The Spot Bitcoin Exchange-Traded Fund (ETF), a new product in the financial market, has just wrapped up its first week of trading. This event marks several key milestones in blending crypto with mainstream financial markets. Launched amid high expectations, the Spot Bitcoin ETF is a crucial move, providing a more regulated and safer option for investors to explore Bitcoin. In this piece, we aim to unpack the weekly insights of the Spot Bitcoin ETF, shedding light on the potential and implications of these robust investment offerings.
Spot Bitcoin ETF Trading Since Day 1
On the opening day of trading for the eagerly awaited U.S.-based spot bitcoin exchange-traded funds, investors actively engaged in trading shares across ten funds sanctioned by the SEC. Initial volume figures revealed that the Grayscale Bitcoin Trust, the biggest bitcoin fund valued at $28 billion, experienced the highest share turnover, with trading volumes exceeding $2 billion. The cumulative trading volume for that day surpassed $4.6 billion.
Bloomberg reports indicate that approximately $2.33 billion worth of Grayscale fund shares were traded throughout the day, a figure that nearly equals the total volume traded in all the other new ETFs combined.
Notably, in just the first four days of trading, BlackRock’s spot bitcoin exchange-traded fund (ETF) achieved a significant milestone, amassing $1 billion in assets. This feat positions it as the first among the recently launched batch of ETFs that track spot bitcoin prices to reach this level of assets, according to data from J.P. Morgan. Subsequently, Fidelity entered the race and became the second entity to attain the $1 billion asset milestone.
The total trading volume for the 11 spot bitcoin ETFs surpassed $16.4 billion on their sixth trading day, Friday. As of January 19, Grayscale holds the leading market share in spot Bitcoin, with nearly 53% ownership.
Grayscale, BlackRock, and Fidelity remain the predominant players, commanding over 90% of total volume. The daily volume saw an increase, surging to $2.6 billion on 19 January compared to $2.1 billion the previous day. These figures are still considerably lower than the $3 billion volume observed last Friday and the initial $4.6 billion on the first day of trading.
Eric Balchunas, a senior ETF analyst at Bloomberg Intelligence, noted that BlackRock and Fidelity’s spot bitcoin ETFs were leading in terms of new capital inflows among the 11 cryptocurrency-based instruments trading across various exchanges. Each of these two funds has attracted more than $400 million in inflows. As a result, Bitcoin ETFs have outpaced silver ETFs in size in the U.S. due to significant market interest.

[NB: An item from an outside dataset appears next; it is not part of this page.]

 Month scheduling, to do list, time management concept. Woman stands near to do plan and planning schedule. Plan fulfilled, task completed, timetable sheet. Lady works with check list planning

BTC Price Struggles Amid Rising GBTC Outflow
Amid rising trading volume for spot Bitcoin ETF, BTC price continues to struggle in validating a clear upward move. Interestingly, Bitcoin dropped from its $49K level, and is currently aiming to drop below the $40K level. This could indicate that the appearance of the new ETFs is not causing a lack of supply for any new demand linked to the funds.
It’s possible that outflows from Grayscale could have freed up supply. Recent purchases of Bitcoin linked to Exchange-Traded Funds (ETFs) were somewhat balanced by ongoing withdrawals from the Grayscale Bitcoin Trust (GBTC). Approximately 10,824 BTC, valued at around $445 million, were sold off. Since its transformation into a spot ETF on January 11, nearly 38,000 BTC have been withdrawn from GBTC.
Grayscale’s massive outflows are sending the Netflow to the negative region, creating a bearish impact on BTC price. Another potential reason Grayscale could have been targeted by investors for outflows, is the ETF’s 1.5 percent expense ratio, steep in comparison with the 20-39 basis points at the other new funds, most of which have waived or reduced their fees for several months. It is difficult to see why any rational investor would pay more than three times the fee for a fund that holds the same asset.
Grayscale Investment CEO Michael Sonnenshein, in a recent interview at the World Economic Forum in Davos, stated that most of the 11 spot Bitcoin ETFs approved by the U.S. SEC are unlikely to succeed.
These ETFs, which started trading soon after their approval on January 10, are competing by lowering fees to 0.2%-0.4%, with some offering temporary fee waivers. In contrast, Grayscale, the biggest Bitcoin holder among these ETF issuers, charges up to 1.5% without waivers.